Peters is particularly noted for her starring roles in stage musicals, including Song and Dance, Sunday in the Park with George, Into the Woods, Annie Get Your Gun, and Gypsy, becoming closely associated with composer Stephen Sondheim. She had a four-year romantic relationship with comedian Steve Martin and was married to investment adviser Michael Wittenberg for over nine years until he was killed in a helicopter crash on September 26, 2005. Peters is known for her charitable work, including as a founder of the Broadway Barks animal charity.

Peters was born Bernadette Lazzara to an Italian-American family in Queens, New York, the youngest of three children. Her siblings are casting director Donna DeSeta and Joseph Lazzara. Her father Peter drove a bread delivery truck, and her mother, Marguerite (née Maltese), started her in show business by putting her on the television show Juvenile Jury at the age of three-and-a-half. She appeared on the television shows Name That Tune and several times on The Horn and Hardart Children's Hour at age five.

In January 1958, at age nine, she obtained her Actors Equity Card in the name of Bernadette Peters to avoid ethnic stereotyping, with the stage name taken from her father's first name. She made her professional stage debut the same month in This is Goggle, a comedy directed by Otto Preminger that closed during out-of-town tryouts before reaching New York. She then appeared on NBC television in A Boy Called Ciske, a Kraft Theatre production, on May 28, 1958, and as Anna Stieman in The Christmas Tree, a Hallmark Hall of Fame production, on December 14, 1958. She first appeared on the New York stage at age 10 in the New York City Center revival of The Most Happy Fella (1959).
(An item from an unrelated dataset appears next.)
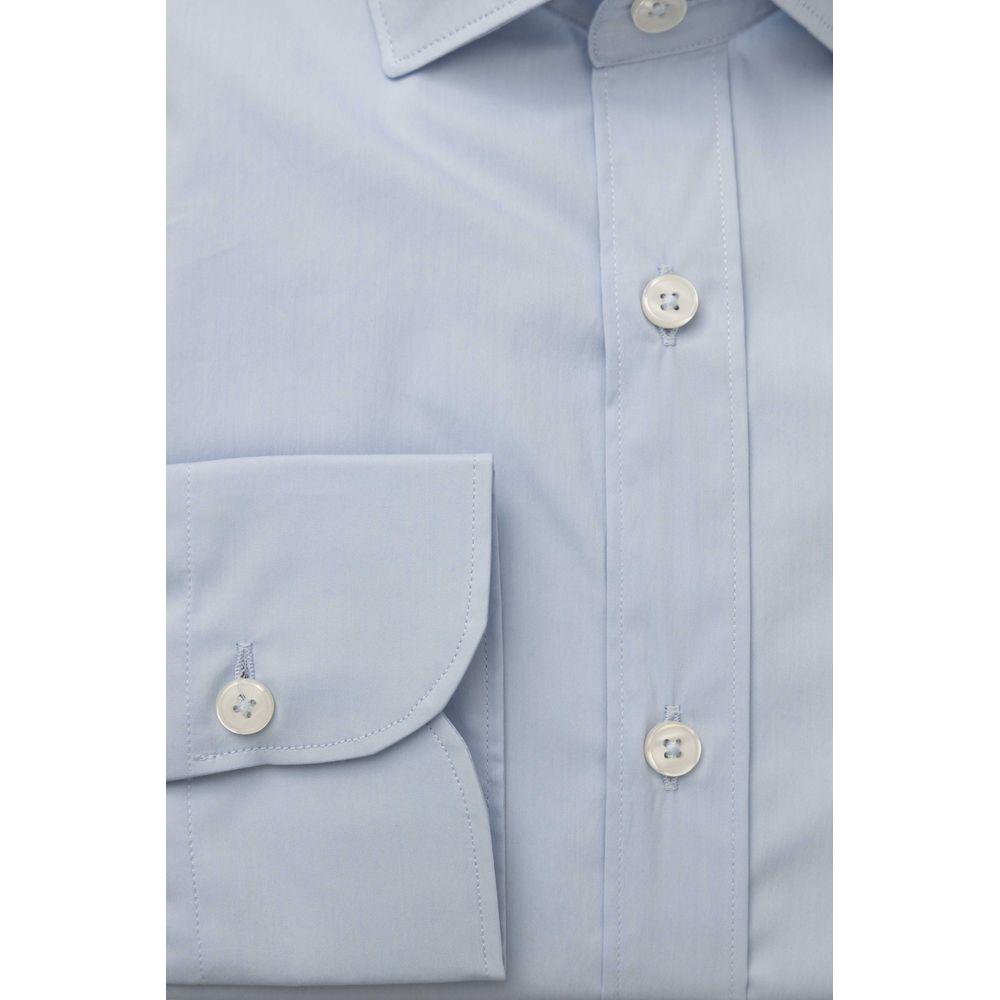 Bagutta Light Blue Cotton Men Shirt Bagutta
In her teen years, she attended the Quintano's School for Young Professionals, a former private school that several famous people, such as Steven Tyler, attended.

At age 13, Peters appeared as one of the "Hollywood Blondes" and was an understudy for "Dainty June" in the second national tour of Gypsy. During this tour Peters first met her long-time accompanist, conductor and arranger Marvin Laird, who was the assistant conductor for the tour. Laird recalled, "I heard her sing an odd phrase or two and thought, 'God that's a big voice out of that little girl,'" The next summer, she played Dainty June in summer stock, and in 1962 she recorded her first single. In 1964 she played Leisl in The Sound Of Music and Jenny in Riverwind in summer stock at the Mt. Gretna Playhouse (Pennsylvania), and Riverwind again at the Bucks County Playhouse in 1966. Upon graduation from high school, she started working steadily, appearing Off-Broadway in the musicals The Penny Friend (1966) and Curley McDimple (1967) and as a standby on Broadway in The Girl in the Freudian Slip (1967). She made her Broadway debut in Johnny No-Trump in 1967 and next appeared as George M. Cohan's sister opposite Joel Grey in George M! (1968), winning the Theatre World Award.
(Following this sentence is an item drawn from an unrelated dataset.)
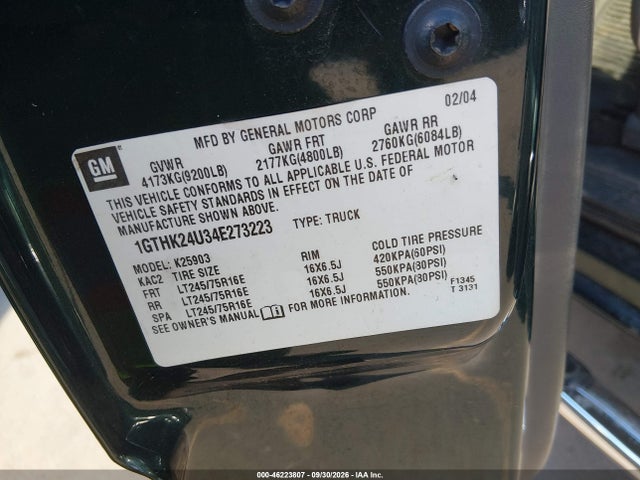 Продаж на аукціоні авто 2004 Gmc Sierra 2500hd Sle, vin: 1GTHK24U34E273223, номер лоту: 46223807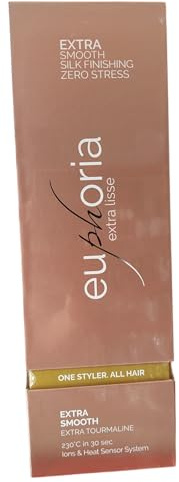 HAIRON Euphoria Jewel EXTRE LISSE - ROSE GOLD, Piastra per Capelli Professionale, con Generatore di Ioni e Piastre in Tormalina e Cristalli D’Argento, Temperatura max. 230°C.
It was Peters' performance as "Ruby" in the 1968 Off-Broadway Dames at Sea, a spoof of 1930s musicals, that brought her critical acclaim and her first Drama Desk Award. She had appeared in an earlier 1966 version of Dames at Sea at the Off-Off-Broadway performance club Caffe Cino. Peters had starring roles in her next Broadway vehicles—Gelsomina in La Strada (1969) and Hildy in On the Town (1971), for which she received her first Tony Award nomination. She played Mabel Normand in Mack and Mabel (1974), receiving another Tony nomination. Clive Barnes wrote: "With the splashy Mack & Mabel ... diminutive and contralto Bernadette Peters found herself as a major Broadway star." Although these had short runs, Peters was singled out for praise by the critics, and the Mack and Mabel cast album became popular among musical theatre fans. She moved to Los Angeles in the early 1970s to concentrate on television and film work.
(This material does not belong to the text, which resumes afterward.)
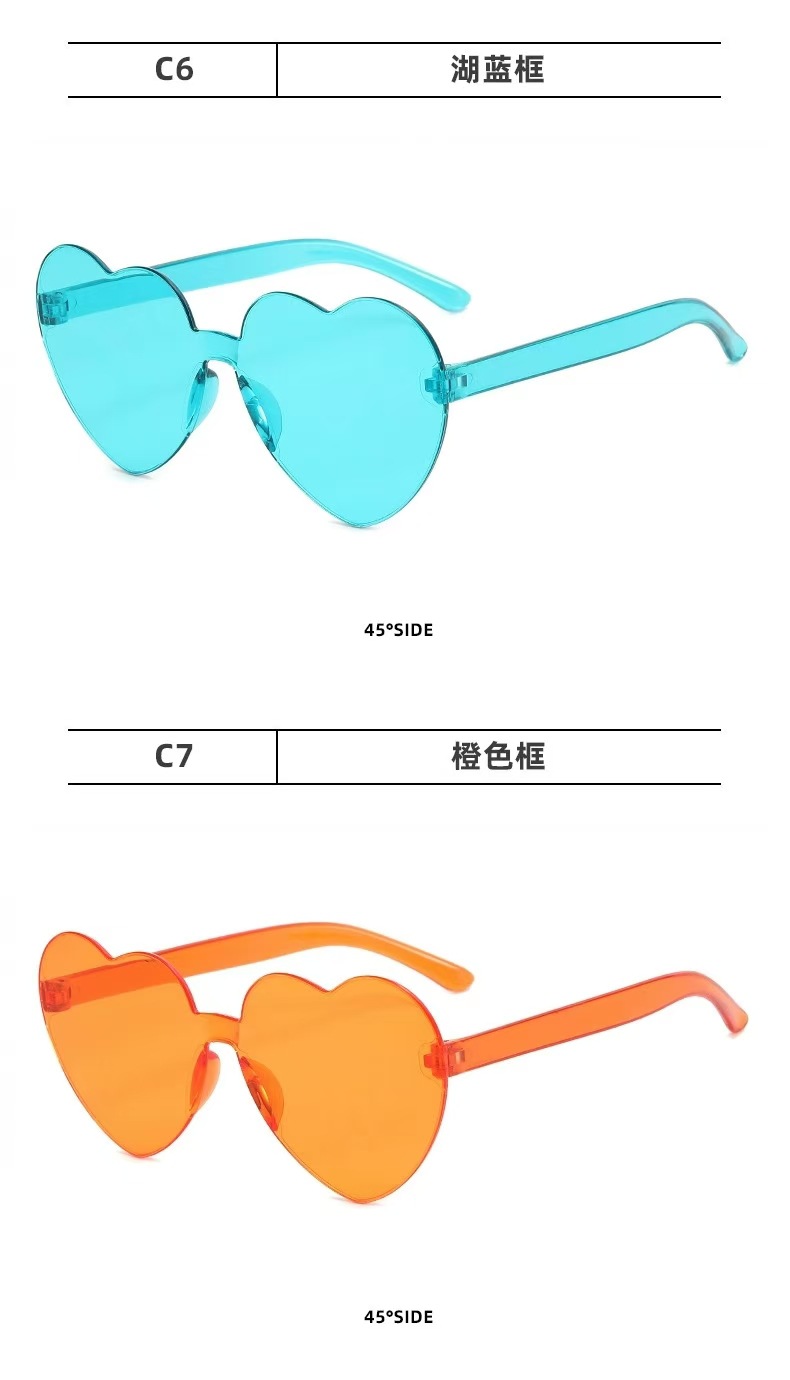 新款跨境儿童爱心太阳镜个性可爱糖果色桃心眼镜生日出游防晒墨镜详情15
Peters has appeared in 32 feature films or television movies beginning in 1973, including Mel Brooks' 1976 film Silent Movie (for which she was nominated for a Golden Globe Award), the musical Annie (1982), Pink Cadillac (1989), in which she co-starred with Clint Eastwood, and Woody Allen's Alice (1990).

She starred opposite Steve Martin in The Jerk (1979), in a role that he wrote for her, and Pennies From Heaven (1981), for which she won the Golden Globe Award as Best Motion Picture Actress in a Comedy or Musical. They had begun a romantic relationship in 1977 that lasted approximately four years. By 1981, her popularity had led to Peters appearing on the cover and in a spread in the December issue of Playboy Magazine, in which she posed in lingerie designed by Bob Mackie.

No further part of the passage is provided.